Dayan Goodenowe has a PhD in biochemistry from the University of Alberta and spent years developing mass spectrometry technology for metabolomics. His research led him to discover that people with Alzheimer’s disease have lower levels of plasmalogens in their blood and brains. This is real and has been confirmed by independent researchers.

He founded Prodrome Sciences in 2017, which sells plasmalogen supplements (around $100-200/month), blood testing, and related products. He also runs the Dr. Goodenowe Restorative Health Center in Moose Jaw, Saskatchewan, where he offers a live-in treatment program for ALS and other neurodegenerative disease patients. This clinic has become the subject of significant controversy, which I’ll get into below.

Here’s my assessment of his main claims.

What Are Plasmalogens and Do They Matter?

Plasmalogens are phospholipids that make up about 18-20% of our cell membranes. They’re particularly concentrated in the brain, heart, and immune cells. The science here is solid. They serve as structural components of membranes, act as antioxidants through their vinyl ether bond, and store important fatty acids like DHA.

Plasmalogen deficiency is real and documented in Alzheimer’s, Parkinson’s, and normal aging. People with severe genetic plasmalogen deficiency (Zellweger syndrome) have profound neurological problems.

The critical question is whether low plasmalogens cause disease or are just a marker of it. This is the difference between “low cholesterol predicts frailty in the elderly” and “low cholesterol causes frailty.” The distinction is critical for whether supplementation can help.

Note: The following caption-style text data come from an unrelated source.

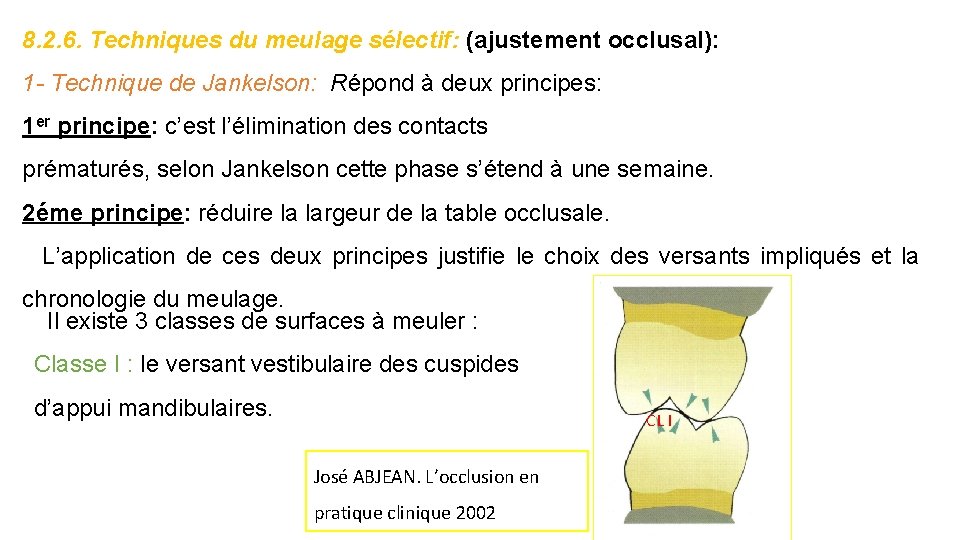 8. 2. 6. Techniques du meulage sélectif: (ajustement occlusal): 1 - Technique de Jankelson:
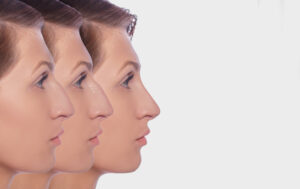 Dubai Rhinoplasty Clinics with Best Patient Reviews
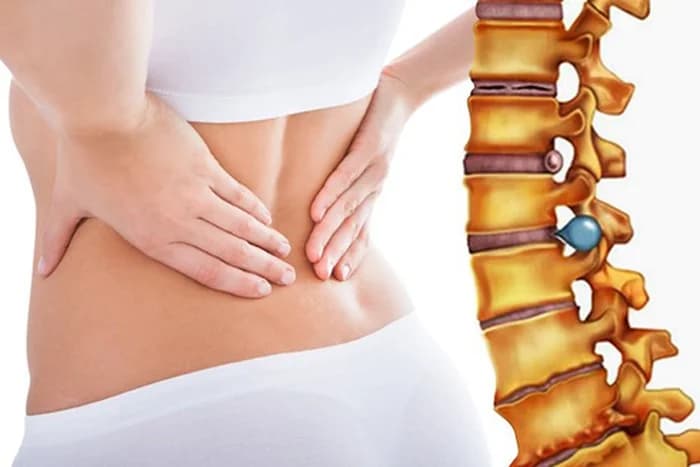 Thoái hóa đĩa đệm: Nguyên nhân, dấu hiệu và cách điều trị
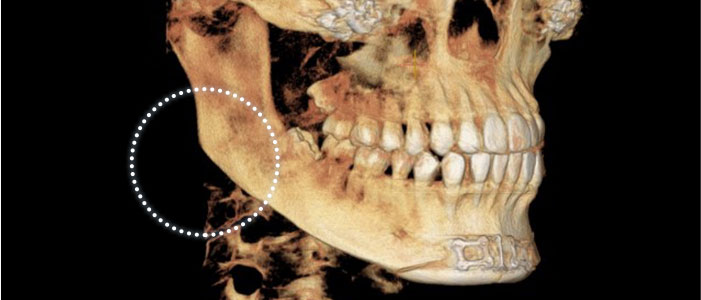 case01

The Clinical Trial Evidence

There’s really only one proper randomized controlled trial of plasmalogen supplementation. The Fujino 2017 study enrolled 328 elderly Japanese patients with MCI or mild Alzheimer’s and gave them either 1 mg/day of scallop-derived plasmalogens or placebo for 24 weeks.

The primary outcome (MMSE cognitive score) was negative, although with a trend towards significance (p=0.07). Some post-hoc subgroup analyses suggested possible benefit in mild AD patients, particularly women under 77, but these are hypothesis-generating, not confirmatory.

Goodenowe’s own 2022 open-label study of 22 cognitively impaired patients showed some improved on a dementia rating scale when their blood plasmalogens increased. But this was unblinded, uncontrolled, small, and conducted by the inventor of the product. It’s preliminary at best.

The Alzheimer’s Drug Discovery Foundation concludes there is “insufficient evidence to recommend plasmalogen supplementation for cognitive impairment.”

Data from Mouse Models

The preclinical evidence is actually more interesting than the clinical trials, and it varies dramatically by indication.

Parkinson’s disease has the strongest data. MPTP studies show Goodenowe’s plasmalogen precursors protected dopamine neurons, with dose-response data and mechanistic understanding. Interestingly, they found a bell-shaped response where higher doses (200 mg/kg) were less effective than moderate doses (50 mg/kg). This is important for anyone considering high-dose supplementation.

Age-related cognitive decline has some data. A 2022 study from Shanghai Jiao Tong University using naturally aged mice showed improved memory, reduced synaptic loss, and decreased neuroinflammation with ascidian-derived plasmalogens. Notably, this research comes from groups independent of Goodenowe’s company, which strengthens the credibility of the aging/cognition findings compared to other indications.

Alzheimer’s disease data is moderate. Most studies used an LPS inflammation model rather than actual transgenic AD mice. The LPS model creates acute inflammation, not the slow progressive neurodegeneration of human AD. Most of this work comes from a single research group in Japan.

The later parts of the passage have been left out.